→ Exercise brief:
Under this line are the records; write out word for word the part that begins at the line containing "Trois miniatures autobus" and ends at the line containing "Wohnung Weida - 2", and no more.

-.-.-

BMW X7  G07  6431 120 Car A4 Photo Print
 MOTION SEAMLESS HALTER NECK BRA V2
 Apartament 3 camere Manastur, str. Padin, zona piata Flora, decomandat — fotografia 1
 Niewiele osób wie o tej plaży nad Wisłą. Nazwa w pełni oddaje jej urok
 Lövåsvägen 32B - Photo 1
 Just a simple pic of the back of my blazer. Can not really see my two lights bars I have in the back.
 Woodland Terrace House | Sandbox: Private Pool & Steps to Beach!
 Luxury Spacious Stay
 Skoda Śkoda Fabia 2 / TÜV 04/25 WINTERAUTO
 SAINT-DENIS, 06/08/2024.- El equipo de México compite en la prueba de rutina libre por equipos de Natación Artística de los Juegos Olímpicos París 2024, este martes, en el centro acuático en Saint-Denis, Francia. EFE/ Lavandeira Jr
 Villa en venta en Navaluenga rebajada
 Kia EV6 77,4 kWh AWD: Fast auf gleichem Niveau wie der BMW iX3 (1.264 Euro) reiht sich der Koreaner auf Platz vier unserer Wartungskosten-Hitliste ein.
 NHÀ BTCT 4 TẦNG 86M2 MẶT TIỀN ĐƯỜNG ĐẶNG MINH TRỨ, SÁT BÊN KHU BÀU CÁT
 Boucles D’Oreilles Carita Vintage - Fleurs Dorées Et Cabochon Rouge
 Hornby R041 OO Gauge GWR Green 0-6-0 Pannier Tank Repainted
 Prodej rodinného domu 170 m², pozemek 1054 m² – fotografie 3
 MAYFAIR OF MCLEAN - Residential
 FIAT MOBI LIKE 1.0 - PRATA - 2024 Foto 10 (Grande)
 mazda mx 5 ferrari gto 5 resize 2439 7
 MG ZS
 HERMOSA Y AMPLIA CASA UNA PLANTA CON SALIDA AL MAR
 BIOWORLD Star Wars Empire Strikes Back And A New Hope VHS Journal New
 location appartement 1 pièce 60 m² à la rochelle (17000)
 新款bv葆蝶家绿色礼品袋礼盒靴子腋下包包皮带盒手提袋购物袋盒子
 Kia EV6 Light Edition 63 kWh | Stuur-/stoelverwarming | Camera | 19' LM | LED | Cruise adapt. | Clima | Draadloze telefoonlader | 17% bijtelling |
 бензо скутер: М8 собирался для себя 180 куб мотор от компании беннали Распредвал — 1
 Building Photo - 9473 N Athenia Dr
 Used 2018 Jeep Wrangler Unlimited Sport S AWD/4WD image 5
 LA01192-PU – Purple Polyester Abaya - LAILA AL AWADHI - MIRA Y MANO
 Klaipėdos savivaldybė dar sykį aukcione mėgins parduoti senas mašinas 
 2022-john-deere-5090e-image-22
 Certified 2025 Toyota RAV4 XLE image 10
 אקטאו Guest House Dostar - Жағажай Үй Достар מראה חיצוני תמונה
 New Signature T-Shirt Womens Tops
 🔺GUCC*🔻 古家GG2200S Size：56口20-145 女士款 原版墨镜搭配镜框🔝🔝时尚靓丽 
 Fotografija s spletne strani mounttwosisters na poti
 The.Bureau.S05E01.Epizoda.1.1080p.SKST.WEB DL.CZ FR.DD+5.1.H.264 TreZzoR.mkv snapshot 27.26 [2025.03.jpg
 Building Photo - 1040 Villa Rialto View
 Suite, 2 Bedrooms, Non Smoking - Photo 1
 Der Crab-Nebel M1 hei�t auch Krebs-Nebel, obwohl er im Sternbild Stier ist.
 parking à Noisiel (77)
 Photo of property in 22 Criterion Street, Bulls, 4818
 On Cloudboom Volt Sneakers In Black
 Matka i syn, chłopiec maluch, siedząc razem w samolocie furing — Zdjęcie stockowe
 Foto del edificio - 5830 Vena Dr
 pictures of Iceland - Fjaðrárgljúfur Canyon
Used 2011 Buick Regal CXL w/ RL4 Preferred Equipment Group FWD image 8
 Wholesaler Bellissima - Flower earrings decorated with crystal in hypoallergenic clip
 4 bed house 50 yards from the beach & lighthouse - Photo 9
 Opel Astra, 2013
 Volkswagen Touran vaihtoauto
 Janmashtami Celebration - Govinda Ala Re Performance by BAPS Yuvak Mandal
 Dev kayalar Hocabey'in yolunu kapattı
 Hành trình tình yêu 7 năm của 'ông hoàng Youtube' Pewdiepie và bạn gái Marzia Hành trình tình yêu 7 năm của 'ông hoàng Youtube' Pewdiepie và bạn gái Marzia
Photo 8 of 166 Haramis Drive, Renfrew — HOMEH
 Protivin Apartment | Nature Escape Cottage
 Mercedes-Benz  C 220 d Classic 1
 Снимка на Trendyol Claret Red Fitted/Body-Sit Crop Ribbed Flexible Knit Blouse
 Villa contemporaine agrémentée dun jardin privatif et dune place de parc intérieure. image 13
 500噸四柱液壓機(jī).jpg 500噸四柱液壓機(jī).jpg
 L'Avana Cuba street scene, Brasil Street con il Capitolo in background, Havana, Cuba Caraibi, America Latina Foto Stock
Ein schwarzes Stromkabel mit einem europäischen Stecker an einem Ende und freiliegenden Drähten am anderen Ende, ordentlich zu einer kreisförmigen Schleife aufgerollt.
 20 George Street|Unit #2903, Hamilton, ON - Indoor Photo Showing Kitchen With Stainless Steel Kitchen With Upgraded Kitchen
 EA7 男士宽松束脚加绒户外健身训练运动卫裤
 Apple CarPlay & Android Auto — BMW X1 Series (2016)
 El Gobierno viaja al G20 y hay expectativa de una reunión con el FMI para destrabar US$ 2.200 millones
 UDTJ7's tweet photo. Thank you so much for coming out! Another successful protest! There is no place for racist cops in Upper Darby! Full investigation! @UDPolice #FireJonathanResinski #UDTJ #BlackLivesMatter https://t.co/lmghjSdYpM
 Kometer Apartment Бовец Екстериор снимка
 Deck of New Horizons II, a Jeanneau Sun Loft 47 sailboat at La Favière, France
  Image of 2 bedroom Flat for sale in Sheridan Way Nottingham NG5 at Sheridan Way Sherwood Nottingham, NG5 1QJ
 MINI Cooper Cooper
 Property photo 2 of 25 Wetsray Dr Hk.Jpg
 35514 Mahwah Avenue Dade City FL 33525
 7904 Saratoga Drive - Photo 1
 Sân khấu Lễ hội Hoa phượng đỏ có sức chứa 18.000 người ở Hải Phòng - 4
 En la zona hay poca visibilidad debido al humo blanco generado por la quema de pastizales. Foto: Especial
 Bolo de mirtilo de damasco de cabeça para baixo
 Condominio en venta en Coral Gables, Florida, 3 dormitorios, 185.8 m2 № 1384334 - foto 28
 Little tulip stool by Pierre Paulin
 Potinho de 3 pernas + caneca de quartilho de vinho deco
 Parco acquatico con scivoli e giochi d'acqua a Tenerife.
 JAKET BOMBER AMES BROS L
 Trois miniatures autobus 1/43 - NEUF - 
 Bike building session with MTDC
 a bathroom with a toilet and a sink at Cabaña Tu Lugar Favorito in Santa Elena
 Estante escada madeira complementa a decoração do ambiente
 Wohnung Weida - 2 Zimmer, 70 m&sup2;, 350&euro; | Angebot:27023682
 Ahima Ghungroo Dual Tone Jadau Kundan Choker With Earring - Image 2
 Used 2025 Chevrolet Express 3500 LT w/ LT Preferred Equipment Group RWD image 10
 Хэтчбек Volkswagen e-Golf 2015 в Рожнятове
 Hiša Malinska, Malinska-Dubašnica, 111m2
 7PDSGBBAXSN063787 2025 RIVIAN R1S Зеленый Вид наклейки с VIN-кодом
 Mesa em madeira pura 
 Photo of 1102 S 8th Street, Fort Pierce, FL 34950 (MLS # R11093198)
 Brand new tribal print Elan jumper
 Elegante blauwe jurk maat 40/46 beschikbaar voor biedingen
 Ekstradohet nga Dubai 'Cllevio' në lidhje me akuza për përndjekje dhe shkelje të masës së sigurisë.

-.-.-

→ Worked solution:
 Trois miniatures autobus 1/43 - NEUF - 
 Bike building session with MTDC
 a bathroom with a toilet and a sink at Cabaña Tu Lugar Favorito in Santa Elena
 Estante escada madeira complementa a decoração do ambiente
 Wohnung Weida - 2 Zimmer, 70 m&sup2;, 350&euro; | Angebot:27023682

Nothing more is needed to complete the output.